Kitchen Island Design
One of the most important aspects of a kitchen is the workspace. A kitchen island design is perfect for adding value to any kitchen probably more than any other upgrade. A kitchen island can make the use of this very busy room more efficiently. Several key contributions that a kitchen island can offer the heart of the home is counter space for prepping food, for dining and adding much needed extra storage space.
How to plan your kitchen island design might be your next question. Each family has a different need and each kitchen has a different layout, so it will depend on these two factors. If you have the room to include an island in your present space than what is your pain point, what is driving you to add a kitchen island? Here are some questions to consider as you plan your new kitchen island in your newly remodeled kitchen or even as an addition to your present kitchen:
- How Large? The island should look proportional in the kitchen layout with plenty of room to move around its perimeter. If you have two cooks in the kitchen or are in need of a universal design you should plan a walkway of 48 inches on all sides. There should be a free-flow area between the key zones (stove, sink, and refrigerator) and the island.

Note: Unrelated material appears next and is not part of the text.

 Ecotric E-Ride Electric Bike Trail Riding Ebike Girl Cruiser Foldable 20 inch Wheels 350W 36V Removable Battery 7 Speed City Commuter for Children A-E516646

- For Cooking? If the island is a food prep area a standard 36-inch high counter is fine but if your baking is your passion you may desire a wing off the main island with a 30-inch height which is best for rolling and kneading the dough.
- Appliances? A cooktop incorporated in an island can offer the chef a clear view of the rest of the room and allow for visiting with guests while preparing the meal. There will be a need for ventilation so a hood that suspends from the ceiling over the island can be considered, but it will somewhat block the view. You could also opt for a built-in exhaust vent that pops up at the push of a button from within the underlying cabinet.
- Sink? A smaller sink for rinsing vegetables and fruits can also be included and preferably in the corner out of the way of the main workspace. If you choose to place your full-size sink in the island plan to allow about 12 inches on both sides.
- For Dining? If planning a dining area with the addition of stools set the counter at a higher level the overhang can than be less. The seat of the stool should be at least 12 inches from the countertop and the space needed so diners can push back their stool should be at least 24 inches. If the dining island will also be used for cooking you might consider raising the dining portion of the counter higher than the prep and cooking area to create a safety buffer from the heat, steam or flame of the stove.
- Storage? Most kitchens need extra storage and the island can offer drawers and cabinets to store larger items or make utensils that are used for prepping and cooking food handy. Shelves can also make a great place for stowing baskets and cookbooks and showing off collectibles.